2. Ghuru: Guru adalah Cahaya Kehidupan
Selain orang tua, guru juga menempati posisi yang sangat tinggi dalam hierarki penghormatan masyarakat Madura.
Ilmu dianggap lebih berharga dari harta. Masyarakat Madura percaya bahwa keberkahan hidup tidak hanya datang dari kerja keras, tetapi juga dari ilmu yang diberikan oleh guru.
Oleh karena itu, murid-murid di Madura selalu menjaga adab terhadap guru mereka, baik di dalam maupun di luar kelas.

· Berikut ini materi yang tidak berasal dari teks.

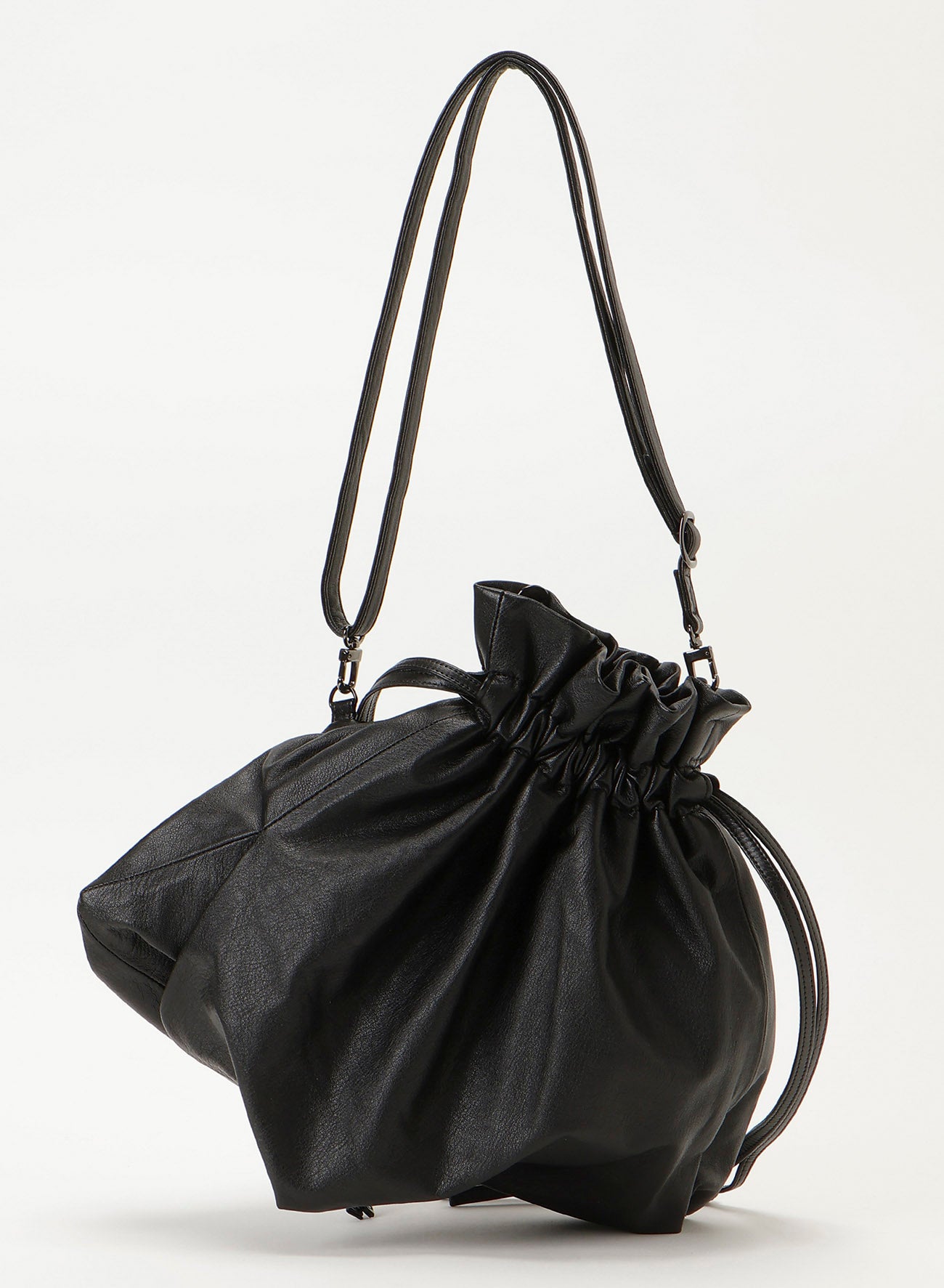 Drawstring shoulder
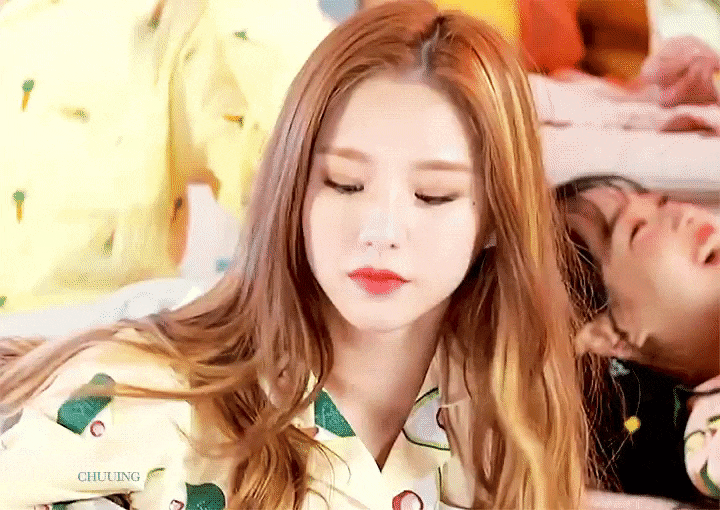 알만한 사람들은 예쁘다는거 다 알아서 아직도 모르는 님들도 예쁜거 알면 좋겠는 분 | 인스티즈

Pesantren menjadi pusat pendidikan utama. Banyak anak-anak Madura yang dikirim ke pesantren sejak kecil, bukan hanya untuk menuntut ilmu agama, tetapi juga untuk belajar menghormati dan menaati kyai mereka.
Murid tidak boleh melawan atau membantah guru. Bahkan, dalam beberapa cerita masyarakat, murid yang durhaka kepada gurunya sering kali dipercaya akan mendapatkan kesialan dalam hidup.
3. Rato: Pemimpin adalah Panutan
Di Madura, pemimpin bukan sekadar orang yang memegang kekuasaan, tetapi juga tokoh yang harus dihormati dan ditaati.